§ Activity:
Lines to return, exactly: from the line with "Penn softball loses" to the line with "Ноутбук Acer Aspire" in the entries below, both included.

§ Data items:
===
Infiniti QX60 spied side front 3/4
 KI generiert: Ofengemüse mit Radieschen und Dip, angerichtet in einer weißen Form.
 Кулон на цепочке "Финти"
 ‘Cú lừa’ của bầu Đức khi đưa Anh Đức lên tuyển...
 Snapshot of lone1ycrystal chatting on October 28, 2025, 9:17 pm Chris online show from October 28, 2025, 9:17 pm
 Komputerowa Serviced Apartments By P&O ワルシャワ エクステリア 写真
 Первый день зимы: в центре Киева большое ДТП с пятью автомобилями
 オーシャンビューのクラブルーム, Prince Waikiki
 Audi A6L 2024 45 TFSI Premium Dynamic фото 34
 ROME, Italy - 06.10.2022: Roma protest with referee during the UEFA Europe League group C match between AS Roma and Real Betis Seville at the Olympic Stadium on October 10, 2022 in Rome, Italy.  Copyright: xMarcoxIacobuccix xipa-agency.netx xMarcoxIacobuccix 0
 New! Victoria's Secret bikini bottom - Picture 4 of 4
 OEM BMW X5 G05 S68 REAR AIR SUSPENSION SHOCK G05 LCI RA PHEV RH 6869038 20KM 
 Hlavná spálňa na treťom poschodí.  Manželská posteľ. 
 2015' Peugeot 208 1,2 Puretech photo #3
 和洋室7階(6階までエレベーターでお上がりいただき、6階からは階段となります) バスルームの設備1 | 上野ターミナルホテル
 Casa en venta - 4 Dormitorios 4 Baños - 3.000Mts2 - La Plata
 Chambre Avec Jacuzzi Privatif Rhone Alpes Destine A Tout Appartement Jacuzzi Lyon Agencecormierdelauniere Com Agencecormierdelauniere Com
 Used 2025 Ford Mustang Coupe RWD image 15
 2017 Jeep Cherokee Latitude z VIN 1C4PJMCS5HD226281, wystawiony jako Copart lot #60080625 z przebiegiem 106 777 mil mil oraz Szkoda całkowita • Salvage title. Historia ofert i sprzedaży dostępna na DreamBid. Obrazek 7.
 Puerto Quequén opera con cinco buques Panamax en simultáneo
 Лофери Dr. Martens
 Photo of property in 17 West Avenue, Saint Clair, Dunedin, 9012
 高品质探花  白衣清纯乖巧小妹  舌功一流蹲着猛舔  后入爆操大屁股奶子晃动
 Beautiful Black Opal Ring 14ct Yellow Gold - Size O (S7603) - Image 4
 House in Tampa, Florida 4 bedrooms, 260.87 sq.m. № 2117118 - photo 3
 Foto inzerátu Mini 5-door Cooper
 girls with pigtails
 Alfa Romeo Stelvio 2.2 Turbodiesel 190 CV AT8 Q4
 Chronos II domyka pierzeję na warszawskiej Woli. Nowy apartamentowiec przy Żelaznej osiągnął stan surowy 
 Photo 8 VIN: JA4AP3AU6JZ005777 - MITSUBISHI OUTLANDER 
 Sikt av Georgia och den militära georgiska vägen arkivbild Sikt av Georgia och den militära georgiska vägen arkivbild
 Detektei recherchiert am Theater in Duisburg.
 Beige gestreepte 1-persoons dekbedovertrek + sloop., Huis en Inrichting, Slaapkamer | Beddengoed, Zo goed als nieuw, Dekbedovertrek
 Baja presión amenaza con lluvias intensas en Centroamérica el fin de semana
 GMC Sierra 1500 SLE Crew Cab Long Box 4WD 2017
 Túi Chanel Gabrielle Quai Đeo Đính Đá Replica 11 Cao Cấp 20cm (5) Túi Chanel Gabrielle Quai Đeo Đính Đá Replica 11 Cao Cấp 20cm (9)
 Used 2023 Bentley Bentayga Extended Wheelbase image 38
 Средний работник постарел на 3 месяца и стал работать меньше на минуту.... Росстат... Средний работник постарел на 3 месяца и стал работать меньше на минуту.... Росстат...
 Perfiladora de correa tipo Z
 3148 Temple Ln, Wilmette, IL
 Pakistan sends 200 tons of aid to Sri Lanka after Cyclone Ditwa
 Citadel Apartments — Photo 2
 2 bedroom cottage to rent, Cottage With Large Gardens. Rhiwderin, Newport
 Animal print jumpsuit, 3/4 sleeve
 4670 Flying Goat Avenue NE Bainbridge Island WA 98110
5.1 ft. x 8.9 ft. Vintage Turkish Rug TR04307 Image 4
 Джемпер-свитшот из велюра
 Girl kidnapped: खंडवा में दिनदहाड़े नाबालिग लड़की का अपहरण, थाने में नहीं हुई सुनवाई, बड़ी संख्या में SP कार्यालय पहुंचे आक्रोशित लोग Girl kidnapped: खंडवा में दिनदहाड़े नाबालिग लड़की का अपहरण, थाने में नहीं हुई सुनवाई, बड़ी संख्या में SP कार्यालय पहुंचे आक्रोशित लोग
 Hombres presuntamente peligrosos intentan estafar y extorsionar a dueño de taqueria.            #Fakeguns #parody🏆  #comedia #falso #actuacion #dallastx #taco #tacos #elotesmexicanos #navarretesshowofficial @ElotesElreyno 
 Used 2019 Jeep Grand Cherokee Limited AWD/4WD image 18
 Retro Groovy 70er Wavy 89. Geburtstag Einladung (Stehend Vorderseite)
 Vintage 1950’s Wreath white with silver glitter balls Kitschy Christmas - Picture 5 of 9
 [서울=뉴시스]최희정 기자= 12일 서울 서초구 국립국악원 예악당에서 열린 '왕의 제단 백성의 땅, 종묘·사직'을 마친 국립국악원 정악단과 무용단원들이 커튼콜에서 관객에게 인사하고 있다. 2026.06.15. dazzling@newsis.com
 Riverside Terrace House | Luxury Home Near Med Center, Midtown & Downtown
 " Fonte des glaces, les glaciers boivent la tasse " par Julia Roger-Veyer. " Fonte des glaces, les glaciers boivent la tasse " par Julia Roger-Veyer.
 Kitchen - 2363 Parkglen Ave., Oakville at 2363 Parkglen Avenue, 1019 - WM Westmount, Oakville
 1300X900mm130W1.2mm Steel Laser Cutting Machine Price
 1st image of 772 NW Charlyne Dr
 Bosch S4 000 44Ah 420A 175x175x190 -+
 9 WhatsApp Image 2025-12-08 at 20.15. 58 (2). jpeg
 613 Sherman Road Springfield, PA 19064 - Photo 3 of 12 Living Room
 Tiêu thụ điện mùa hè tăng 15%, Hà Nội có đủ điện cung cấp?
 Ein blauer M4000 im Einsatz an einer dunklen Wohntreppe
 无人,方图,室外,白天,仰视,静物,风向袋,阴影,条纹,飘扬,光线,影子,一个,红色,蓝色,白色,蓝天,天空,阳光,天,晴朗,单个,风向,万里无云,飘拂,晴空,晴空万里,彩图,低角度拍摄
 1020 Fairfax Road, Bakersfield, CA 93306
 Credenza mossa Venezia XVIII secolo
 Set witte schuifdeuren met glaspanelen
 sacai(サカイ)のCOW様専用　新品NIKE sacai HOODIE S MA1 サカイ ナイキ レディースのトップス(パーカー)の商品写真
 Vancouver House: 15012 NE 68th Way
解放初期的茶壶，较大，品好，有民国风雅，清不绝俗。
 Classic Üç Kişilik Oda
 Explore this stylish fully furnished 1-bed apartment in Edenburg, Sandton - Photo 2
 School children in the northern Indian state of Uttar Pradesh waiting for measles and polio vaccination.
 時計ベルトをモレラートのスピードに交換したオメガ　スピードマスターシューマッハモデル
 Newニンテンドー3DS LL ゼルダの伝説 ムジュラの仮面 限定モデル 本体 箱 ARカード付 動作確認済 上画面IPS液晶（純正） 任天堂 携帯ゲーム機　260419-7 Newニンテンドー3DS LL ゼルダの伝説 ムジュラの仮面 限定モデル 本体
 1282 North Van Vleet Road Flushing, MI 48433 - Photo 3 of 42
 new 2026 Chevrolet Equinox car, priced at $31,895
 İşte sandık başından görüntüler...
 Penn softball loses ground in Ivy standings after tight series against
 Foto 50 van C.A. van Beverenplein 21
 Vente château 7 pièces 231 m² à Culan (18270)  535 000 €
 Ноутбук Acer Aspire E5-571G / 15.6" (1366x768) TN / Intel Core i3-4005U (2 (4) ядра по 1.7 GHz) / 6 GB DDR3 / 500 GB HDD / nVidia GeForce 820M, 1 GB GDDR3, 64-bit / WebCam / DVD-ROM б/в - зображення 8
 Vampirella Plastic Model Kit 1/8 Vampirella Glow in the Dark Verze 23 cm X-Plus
===
§ Answer section:
 Penn softball loses ground in Ivy standings after tight series against
 Foto 50 van C.A. van Beverenplein 21
 Vente château 7 pièces 231 m² à Culan (18270)  535 000 €
 Ноутбук Acer Aspire E5-571G / 15.6" (1366x768) TN / Intel Core i3-4005U (2 (4) ядра по 1.7 GHz) / 6 GB DDR3 / 500 GB HDD / nVidia GeForce 820M, 1 GB GDDR3, 64-bit / WebCam / DVD-ROM б/в - зображення 8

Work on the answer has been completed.